Plantheon Opens Bt400m Chemical Fertiliser Plant29 May 2009 • by Natalie Aster
Plantheon, the agribusiness arm of the Sirivadhanabhakdi family, yesterday opened a Bt400-million chemical-fertiliser plant in Ayutthaya to satisfy its own needs as well as market demand.
"We expect to enter the fertiliser market, as there is less competition in the domestic market and there are limited manufacturers of fertiliser for energy plants in the global market," president Prasert Maekwatana said yesterday.
Plantheon's wholly owned subsidiary Terragro built the facility on 150 rai of land. Production capacity is 1 million tonnes per year.
About 80 per cent of its output will be marketed under the Crown brand and the rest is for the company's use.
In four years, the fertiliser market has expanded from Bt4 billion to Bt6 billion, or 4 million tonnes per year.
The company produced 250,000 tonnes of fertiliser last year and has more than 200 distributors around the country.
It plans to launch a marketing strategy emphasising brand recognition through demonstrations for consumers and distribution channels through price promotions, such as wholesale discounts.
"Despite the economic downturn and petroleum price instability, we still believe that the domestic fertiliser market will recover soon because next quarter is the season when farmers increase their production.
"The government also places great importance on food products.

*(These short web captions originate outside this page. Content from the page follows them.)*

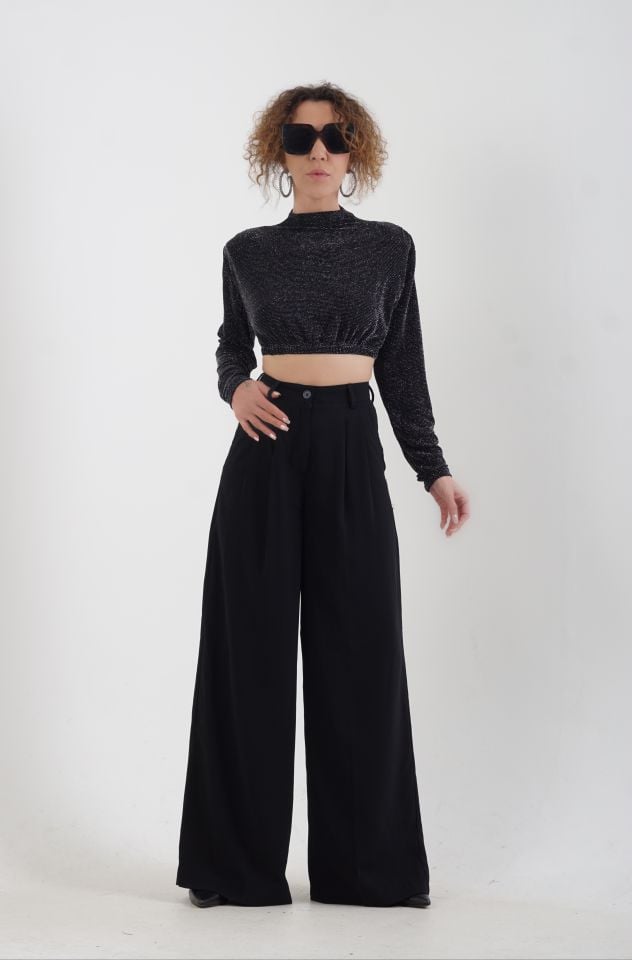 Sırt Dekolteli Simli Crop Bluz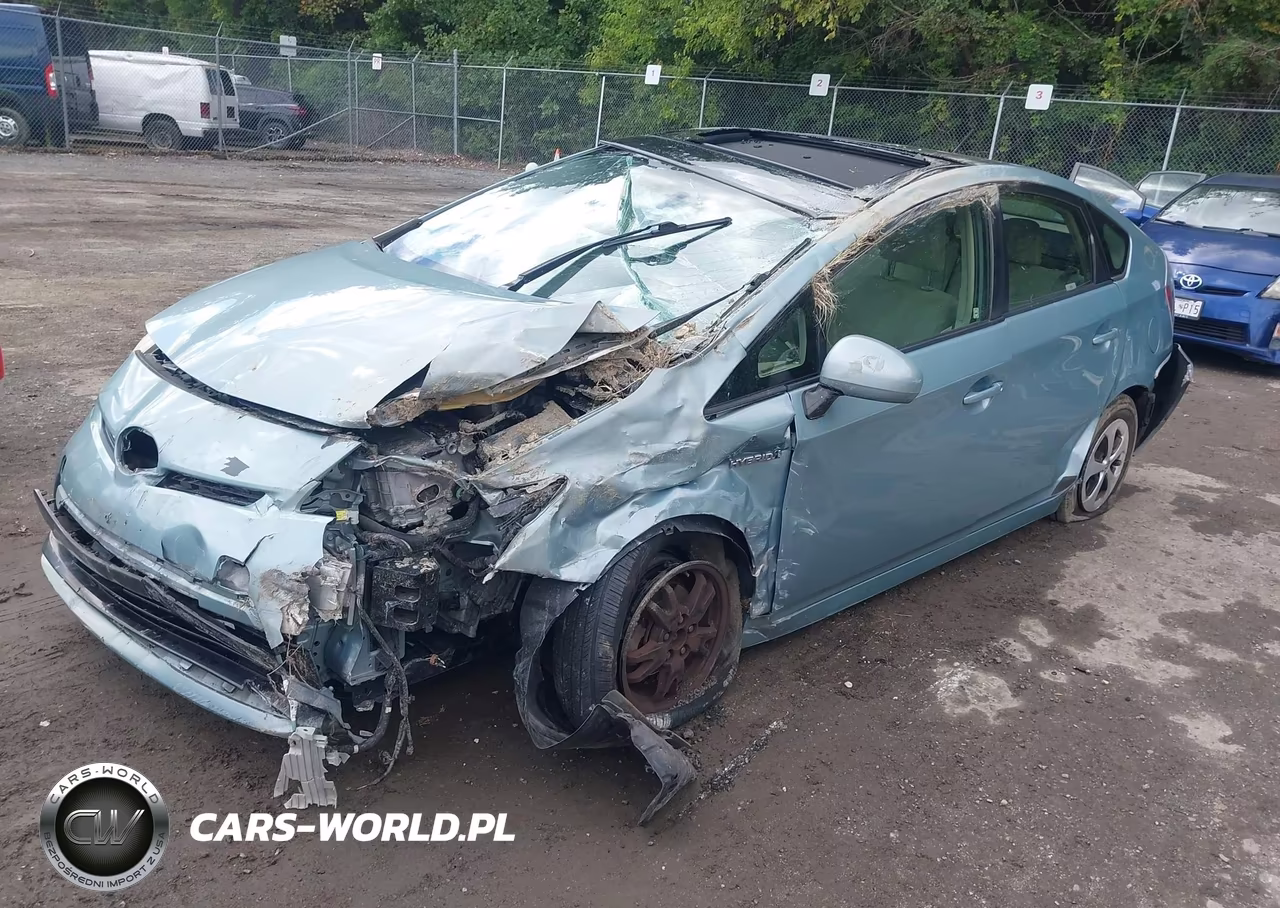 2015 Toyota Prius Three VIN:JTDKN3DU3F1949425 - 2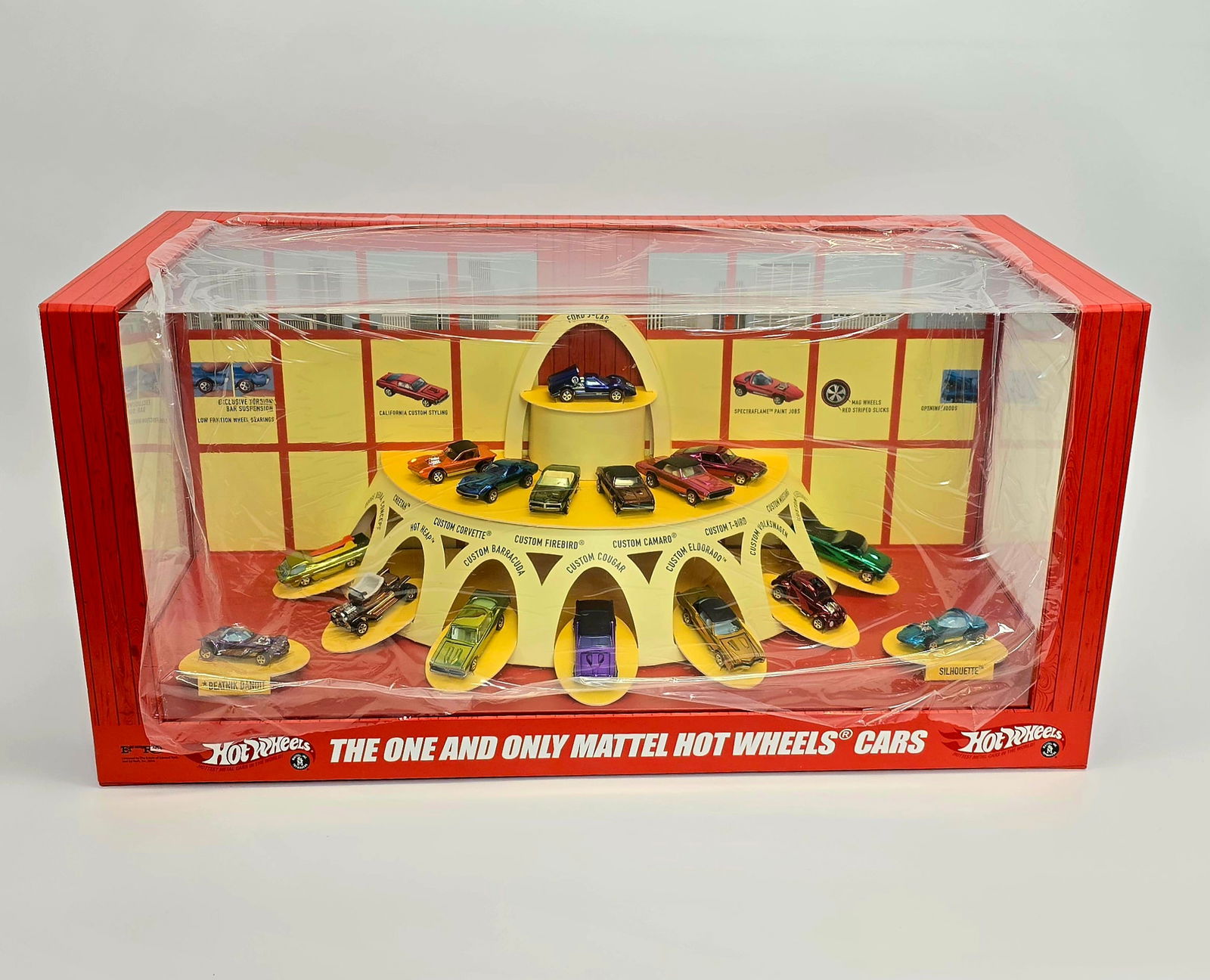 Hot Wheels RLC Original 16 50th Anniversary Release Display (1 of 15)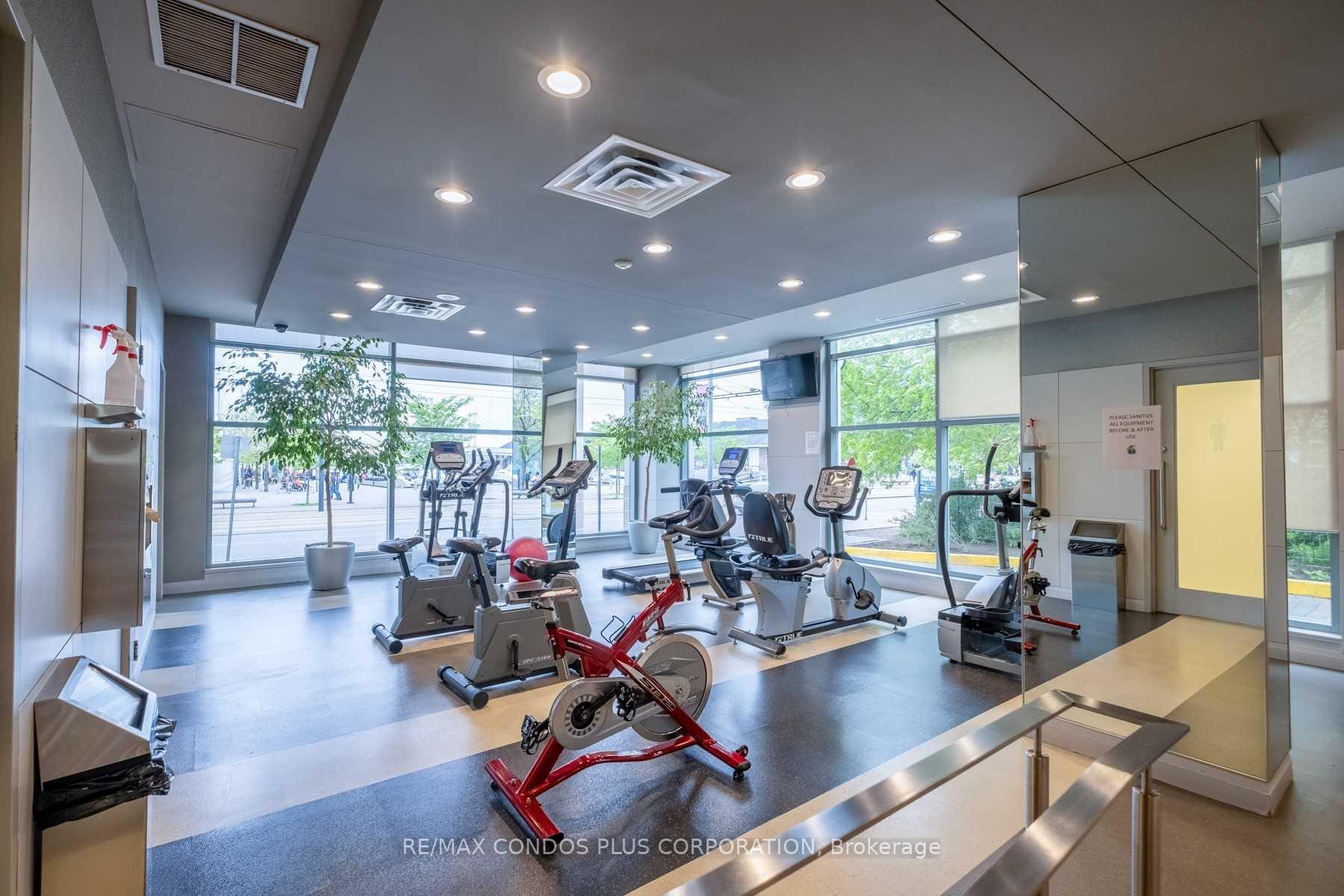 1 Bedroom Condo at 230 Queens Quay,  Toronto For sale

Farmers need to raise more to answer the demand from the market," Prasert said.
Plantheon has prepared seven types of chemical fertilisers to satisfy all consumer categories. Their chemical formulas depend on the kind of plant.
The company plans to increase the plant's capacity next year in expectation of 15-per-cent growth in sales.
Within three years, the company will reach the break-even point, Prasert added.